▶ **Assignment**: "Used 2026 Toyota" appears in one line; retype that line and all lines following it through the end of the records, with nothing left out or added.

[[ Source data open ]]

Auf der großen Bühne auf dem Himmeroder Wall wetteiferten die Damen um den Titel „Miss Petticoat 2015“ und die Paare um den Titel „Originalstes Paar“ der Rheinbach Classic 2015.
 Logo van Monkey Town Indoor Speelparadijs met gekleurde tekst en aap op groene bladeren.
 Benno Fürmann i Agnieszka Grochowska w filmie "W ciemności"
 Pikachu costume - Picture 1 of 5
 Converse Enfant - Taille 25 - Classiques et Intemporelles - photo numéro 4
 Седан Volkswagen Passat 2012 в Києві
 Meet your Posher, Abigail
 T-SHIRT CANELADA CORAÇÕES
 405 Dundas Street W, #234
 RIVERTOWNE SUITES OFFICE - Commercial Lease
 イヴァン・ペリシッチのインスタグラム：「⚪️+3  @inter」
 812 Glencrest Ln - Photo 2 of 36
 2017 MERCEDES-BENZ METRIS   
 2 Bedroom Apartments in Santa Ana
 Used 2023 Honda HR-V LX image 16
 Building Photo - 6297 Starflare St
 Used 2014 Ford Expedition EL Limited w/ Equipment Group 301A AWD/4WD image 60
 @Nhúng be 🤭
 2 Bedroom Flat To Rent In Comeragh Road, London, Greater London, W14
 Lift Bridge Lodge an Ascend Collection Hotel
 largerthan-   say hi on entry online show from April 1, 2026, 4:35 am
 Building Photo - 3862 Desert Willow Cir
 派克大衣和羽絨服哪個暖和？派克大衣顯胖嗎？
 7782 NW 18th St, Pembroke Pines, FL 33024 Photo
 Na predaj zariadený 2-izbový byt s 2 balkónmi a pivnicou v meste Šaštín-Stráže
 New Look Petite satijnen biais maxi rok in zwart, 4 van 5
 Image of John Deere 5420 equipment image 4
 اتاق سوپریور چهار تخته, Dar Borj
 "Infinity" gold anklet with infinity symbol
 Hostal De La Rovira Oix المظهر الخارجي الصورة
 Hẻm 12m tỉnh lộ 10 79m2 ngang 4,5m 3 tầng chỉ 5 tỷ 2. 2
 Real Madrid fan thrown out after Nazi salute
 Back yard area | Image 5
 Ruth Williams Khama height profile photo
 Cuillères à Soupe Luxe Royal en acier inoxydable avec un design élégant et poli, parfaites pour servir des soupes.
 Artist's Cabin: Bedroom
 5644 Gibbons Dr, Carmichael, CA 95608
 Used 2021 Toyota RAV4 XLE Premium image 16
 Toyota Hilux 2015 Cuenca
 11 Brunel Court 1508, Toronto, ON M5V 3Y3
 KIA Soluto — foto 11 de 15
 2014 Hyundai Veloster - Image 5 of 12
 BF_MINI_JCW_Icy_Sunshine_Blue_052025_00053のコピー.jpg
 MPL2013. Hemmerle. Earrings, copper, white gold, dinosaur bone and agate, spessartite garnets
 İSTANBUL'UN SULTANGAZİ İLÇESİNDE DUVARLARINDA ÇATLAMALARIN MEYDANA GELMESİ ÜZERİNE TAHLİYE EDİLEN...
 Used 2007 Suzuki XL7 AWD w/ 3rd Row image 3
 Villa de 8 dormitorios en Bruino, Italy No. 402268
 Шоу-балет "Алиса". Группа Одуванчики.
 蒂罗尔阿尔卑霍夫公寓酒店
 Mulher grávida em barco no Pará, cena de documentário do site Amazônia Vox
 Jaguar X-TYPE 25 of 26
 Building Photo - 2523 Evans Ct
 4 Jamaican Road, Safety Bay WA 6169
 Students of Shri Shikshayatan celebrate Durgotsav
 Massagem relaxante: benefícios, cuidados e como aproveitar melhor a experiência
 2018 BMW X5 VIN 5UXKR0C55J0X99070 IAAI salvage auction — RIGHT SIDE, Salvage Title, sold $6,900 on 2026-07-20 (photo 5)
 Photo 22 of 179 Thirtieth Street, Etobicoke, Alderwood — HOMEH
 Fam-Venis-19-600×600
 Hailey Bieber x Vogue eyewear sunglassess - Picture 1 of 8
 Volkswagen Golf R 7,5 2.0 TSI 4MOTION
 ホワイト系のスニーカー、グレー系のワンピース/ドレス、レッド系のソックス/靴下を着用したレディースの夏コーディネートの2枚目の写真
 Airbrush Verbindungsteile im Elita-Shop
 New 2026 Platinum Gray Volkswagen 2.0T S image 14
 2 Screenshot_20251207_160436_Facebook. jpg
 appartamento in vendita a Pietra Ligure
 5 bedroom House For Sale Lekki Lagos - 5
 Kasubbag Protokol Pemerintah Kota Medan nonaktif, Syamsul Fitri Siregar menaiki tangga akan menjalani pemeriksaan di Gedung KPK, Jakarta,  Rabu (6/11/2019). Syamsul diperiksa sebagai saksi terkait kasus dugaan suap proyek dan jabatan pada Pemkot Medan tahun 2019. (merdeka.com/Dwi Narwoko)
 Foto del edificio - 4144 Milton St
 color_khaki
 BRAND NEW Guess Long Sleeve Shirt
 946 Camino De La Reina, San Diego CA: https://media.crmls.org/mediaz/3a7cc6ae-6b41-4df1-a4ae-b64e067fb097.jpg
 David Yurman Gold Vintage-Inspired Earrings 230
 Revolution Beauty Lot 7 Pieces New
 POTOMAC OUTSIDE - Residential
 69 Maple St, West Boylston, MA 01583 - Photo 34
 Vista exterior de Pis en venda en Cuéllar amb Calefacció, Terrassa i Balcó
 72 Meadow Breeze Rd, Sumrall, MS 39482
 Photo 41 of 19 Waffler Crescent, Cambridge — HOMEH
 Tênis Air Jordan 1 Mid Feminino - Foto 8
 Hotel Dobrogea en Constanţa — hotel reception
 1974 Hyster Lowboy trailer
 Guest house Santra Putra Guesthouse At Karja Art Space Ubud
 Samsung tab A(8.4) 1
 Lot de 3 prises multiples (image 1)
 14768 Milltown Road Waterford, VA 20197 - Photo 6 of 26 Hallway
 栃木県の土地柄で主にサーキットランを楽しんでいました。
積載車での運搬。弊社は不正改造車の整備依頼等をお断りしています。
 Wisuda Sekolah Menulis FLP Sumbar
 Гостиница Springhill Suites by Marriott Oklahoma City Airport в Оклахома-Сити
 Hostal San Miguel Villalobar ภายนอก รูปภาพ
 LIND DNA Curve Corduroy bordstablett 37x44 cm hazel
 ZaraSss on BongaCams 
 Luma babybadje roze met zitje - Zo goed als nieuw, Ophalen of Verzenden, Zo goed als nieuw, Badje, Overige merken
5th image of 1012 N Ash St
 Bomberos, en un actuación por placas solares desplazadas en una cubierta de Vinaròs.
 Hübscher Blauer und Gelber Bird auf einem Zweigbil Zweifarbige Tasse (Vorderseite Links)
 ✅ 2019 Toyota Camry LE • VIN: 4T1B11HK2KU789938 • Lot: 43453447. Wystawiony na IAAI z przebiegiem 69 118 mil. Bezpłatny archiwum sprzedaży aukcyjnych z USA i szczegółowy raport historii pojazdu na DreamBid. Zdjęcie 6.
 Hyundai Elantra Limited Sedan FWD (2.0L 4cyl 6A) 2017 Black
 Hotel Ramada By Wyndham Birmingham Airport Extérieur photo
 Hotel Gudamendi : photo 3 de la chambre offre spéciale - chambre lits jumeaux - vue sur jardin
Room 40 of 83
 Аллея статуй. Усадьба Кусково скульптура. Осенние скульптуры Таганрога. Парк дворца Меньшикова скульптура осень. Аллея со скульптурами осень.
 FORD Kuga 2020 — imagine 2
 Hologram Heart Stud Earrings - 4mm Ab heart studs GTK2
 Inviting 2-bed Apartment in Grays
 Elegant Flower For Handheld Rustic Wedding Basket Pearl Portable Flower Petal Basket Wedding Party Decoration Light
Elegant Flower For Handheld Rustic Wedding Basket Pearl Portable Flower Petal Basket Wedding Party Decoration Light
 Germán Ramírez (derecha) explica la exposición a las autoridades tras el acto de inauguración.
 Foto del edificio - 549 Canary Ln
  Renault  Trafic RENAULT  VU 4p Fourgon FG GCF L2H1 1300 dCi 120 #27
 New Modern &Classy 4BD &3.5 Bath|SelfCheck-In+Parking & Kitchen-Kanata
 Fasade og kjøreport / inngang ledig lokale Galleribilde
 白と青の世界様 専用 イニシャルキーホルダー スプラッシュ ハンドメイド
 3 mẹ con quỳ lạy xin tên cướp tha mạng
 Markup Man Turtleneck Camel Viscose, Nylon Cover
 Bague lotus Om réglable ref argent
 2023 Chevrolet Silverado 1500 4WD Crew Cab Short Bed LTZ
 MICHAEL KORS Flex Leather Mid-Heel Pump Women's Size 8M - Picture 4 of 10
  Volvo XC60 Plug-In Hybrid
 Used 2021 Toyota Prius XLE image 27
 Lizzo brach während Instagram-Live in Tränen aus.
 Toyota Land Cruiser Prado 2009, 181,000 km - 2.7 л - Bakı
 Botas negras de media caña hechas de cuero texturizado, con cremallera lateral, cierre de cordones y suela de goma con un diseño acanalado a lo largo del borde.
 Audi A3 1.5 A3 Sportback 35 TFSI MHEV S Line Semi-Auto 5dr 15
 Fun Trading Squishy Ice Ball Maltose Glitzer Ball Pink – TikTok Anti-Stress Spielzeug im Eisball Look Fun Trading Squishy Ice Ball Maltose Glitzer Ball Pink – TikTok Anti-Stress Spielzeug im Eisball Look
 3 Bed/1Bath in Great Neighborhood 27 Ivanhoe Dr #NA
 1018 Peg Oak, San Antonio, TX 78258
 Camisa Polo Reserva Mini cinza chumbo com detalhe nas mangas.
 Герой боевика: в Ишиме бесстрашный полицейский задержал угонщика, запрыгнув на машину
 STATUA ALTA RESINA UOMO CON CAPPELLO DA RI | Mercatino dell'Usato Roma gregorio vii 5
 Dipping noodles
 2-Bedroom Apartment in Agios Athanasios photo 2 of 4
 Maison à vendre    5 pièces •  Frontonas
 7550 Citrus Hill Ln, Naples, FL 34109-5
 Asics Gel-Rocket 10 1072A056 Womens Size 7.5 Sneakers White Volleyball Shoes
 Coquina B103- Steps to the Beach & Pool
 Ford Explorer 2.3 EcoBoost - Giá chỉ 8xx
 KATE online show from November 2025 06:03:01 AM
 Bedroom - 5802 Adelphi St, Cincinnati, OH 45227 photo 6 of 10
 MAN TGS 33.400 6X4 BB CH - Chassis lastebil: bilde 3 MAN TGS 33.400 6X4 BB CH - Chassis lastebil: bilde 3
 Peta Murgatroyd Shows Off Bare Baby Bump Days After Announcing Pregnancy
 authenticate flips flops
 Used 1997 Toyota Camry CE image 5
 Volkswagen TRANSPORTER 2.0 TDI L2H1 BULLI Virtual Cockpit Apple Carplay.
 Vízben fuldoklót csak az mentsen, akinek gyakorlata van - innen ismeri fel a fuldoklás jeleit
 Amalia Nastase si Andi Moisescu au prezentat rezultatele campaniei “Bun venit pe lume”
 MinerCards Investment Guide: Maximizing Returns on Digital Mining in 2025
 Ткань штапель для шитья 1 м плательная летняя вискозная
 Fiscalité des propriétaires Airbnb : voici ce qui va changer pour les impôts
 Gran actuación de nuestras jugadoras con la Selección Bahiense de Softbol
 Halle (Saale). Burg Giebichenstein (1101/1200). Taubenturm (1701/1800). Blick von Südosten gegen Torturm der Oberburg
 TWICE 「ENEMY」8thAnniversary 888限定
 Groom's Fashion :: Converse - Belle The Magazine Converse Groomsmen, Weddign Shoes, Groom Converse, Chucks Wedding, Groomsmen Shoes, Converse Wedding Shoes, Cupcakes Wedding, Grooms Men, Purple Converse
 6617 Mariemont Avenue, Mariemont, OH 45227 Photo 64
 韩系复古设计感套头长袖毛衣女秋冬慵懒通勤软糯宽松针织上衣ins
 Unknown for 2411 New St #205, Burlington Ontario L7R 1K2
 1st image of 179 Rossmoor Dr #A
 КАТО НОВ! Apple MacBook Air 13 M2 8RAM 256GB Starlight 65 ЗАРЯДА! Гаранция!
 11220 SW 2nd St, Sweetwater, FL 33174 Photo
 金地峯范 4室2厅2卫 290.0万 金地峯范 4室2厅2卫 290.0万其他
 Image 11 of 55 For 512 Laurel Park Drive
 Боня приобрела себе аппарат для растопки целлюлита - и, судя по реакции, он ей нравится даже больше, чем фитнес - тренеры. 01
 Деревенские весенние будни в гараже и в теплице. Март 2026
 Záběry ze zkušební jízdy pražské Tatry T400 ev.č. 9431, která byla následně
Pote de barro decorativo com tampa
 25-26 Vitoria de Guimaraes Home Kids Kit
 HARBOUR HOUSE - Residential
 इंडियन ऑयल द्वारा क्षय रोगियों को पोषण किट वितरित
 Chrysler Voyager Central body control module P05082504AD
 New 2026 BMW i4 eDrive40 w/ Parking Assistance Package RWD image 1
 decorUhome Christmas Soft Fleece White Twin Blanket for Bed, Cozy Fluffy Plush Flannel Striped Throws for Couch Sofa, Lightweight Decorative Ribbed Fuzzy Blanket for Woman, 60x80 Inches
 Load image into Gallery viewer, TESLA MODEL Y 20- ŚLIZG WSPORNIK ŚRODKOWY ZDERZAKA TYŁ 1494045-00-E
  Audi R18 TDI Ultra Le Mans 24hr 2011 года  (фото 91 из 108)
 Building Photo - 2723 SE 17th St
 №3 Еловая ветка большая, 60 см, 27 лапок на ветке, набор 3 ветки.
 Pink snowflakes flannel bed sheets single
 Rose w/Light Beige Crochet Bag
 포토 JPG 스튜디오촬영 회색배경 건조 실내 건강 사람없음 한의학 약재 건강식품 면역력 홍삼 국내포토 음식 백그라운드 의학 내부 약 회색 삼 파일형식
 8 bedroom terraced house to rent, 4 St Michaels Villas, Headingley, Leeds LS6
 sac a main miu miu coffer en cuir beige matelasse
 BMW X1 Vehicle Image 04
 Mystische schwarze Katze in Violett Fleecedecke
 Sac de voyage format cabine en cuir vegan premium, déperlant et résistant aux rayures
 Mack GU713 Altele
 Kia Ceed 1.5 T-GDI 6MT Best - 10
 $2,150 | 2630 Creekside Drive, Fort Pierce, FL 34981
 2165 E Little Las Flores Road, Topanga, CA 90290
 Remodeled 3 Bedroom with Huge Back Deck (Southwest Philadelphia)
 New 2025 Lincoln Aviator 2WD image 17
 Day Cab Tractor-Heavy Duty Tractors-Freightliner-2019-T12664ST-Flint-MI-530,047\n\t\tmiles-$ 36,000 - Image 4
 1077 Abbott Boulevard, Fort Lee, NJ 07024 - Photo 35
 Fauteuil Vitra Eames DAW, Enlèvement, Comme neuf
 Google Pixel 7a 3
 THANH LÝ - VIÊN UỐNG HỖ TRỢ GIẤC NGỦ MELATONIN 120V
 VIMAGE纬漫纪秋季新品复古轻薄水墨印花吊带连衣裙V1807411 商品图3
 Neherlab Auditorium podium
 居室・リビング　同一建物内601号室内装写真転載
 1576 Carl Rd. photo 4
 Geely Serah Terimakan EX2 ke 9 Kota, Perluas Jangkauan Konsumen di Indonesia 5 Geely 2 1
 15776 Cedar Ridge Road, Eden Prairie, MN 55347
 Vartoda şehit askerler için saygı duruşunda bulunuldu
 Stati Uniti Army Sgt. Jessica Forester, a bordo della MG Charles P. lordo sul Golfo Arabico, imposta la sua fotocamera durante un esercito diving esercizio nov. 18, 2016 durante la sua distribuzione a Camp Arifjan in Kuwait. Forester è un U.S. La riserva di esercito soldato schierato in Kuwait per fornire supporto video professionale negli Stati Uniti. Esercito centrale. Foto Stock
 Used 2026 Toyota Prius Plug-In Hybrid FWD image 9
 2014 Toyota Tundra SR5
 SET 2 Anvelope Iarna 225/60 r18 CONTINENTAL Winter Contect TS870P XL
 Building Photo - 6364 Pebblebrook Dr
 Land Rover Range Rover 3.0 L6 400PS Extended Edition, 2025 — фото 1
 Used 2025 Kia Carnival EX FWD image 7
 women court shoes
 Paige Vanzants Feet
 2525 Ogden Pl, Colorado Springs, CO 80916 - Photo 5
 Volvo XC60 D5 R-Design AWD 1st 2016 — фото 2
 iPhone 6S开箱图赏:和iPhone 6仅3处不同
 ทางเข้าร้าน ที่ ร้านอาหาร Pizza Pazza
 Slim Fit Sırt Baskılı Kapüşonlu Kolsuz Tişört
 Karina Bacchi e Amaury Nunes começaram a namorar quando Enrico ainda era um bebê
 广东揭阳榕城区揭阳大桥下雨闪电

[[ Source data closed ]]

▶ **Exercise response**:
 Used 2026 Toyota Prius Plug-In Hybrid FWD image 9
 2014 Toyota Tundra SR5
 SET 2 Anvelope Iarna 225/60 r18 CONTINENTAL Winter Contect TS870P XL
 Building Photo - 6364 Pebblebrook Dr
 Land Rover Range Rover 3.0 L6 400PS Extended Edition, 2025 — фото 1
 Used 2025 Kia Carnival EX FWD image 7
 women court shoes
 Paige Vanzants Feet
 2525 Ogden Pl, Colorado Springs, CO 80916 - Photo 5
 Volvo XC60 D5 R-Design AWD 1st 2016 — фото 2
 iPhone 6S开箱图赏:和iPhone 6仅3处不同
 ทางเข้าร้าน ที่ ร้านอาหาร Pizza Pazza
 Slim Fit Sırt Baskılı Kapüşonlu Kolsuz Tişört
 Karina Bacchi e Amaury Nunes começaram a namorar quando Enrico ainda era um bebê
 广东揭阳榕城区揭阳大桥下雨闪电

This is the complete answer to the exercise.